**Activity**: When you return the data, keep every word exact and include none of the images.

**Records from a collection**:
--- START ---

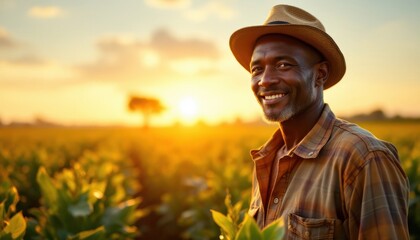 African adult male farmer smiling in sunlit field, wearing hat and plaid shirt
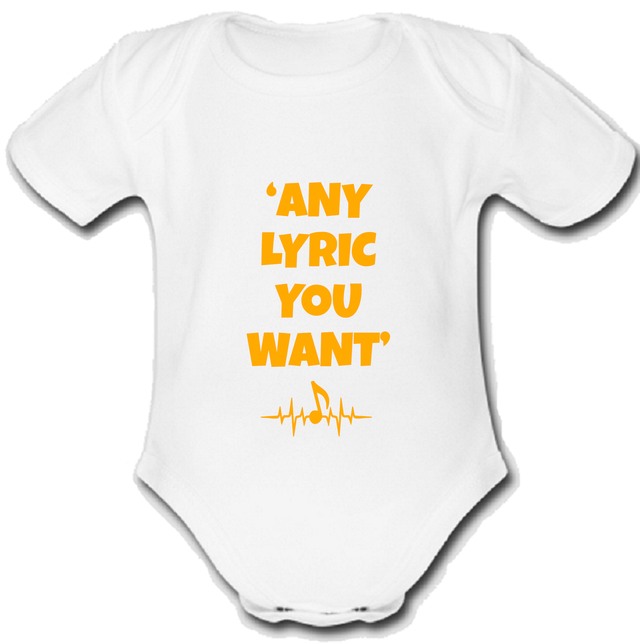 The @ Sound babygrow Baby vest grow music gift custom LYRIC ORANGE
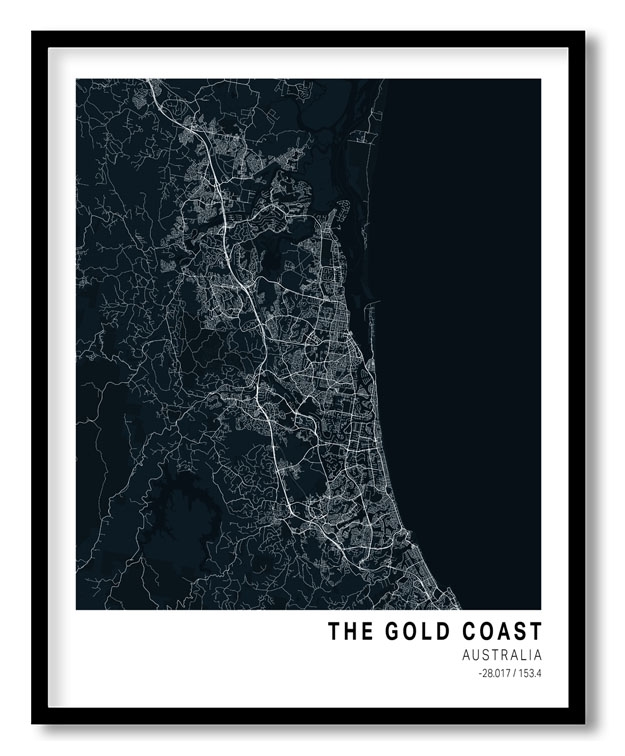 Pantone below blue map of The Gold Coast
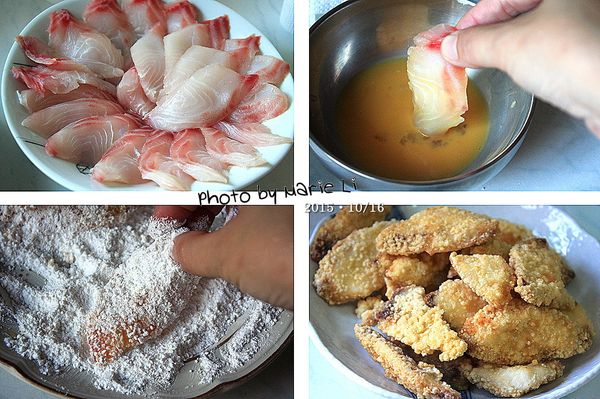 將鯛魚切成片狀先沾一層蛋液
然後再木薯粉上滾一圈
把沾好外皮麵衣的魚片放進熱油鍋中
炸成金黃酥脆的樣子即可起鍋瀝乾油備用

--- END ---

**Response**:
 African adult male farmer smiling in sunlit field, wearing hat and plaid shirt
 The @ Sound babygrow Baby vest grow music gift custom LYRIC ORANGE
 Pantone below blue map of The Gold Coast
 將鯛魚切成片狀先沾一層蛋液
然後再木薯粉上滾一圈
把沾好外皮麵衣的魚片放進熱油鍋中
炸成金黃酥脆的樣子即可起鍋瀝乾油備用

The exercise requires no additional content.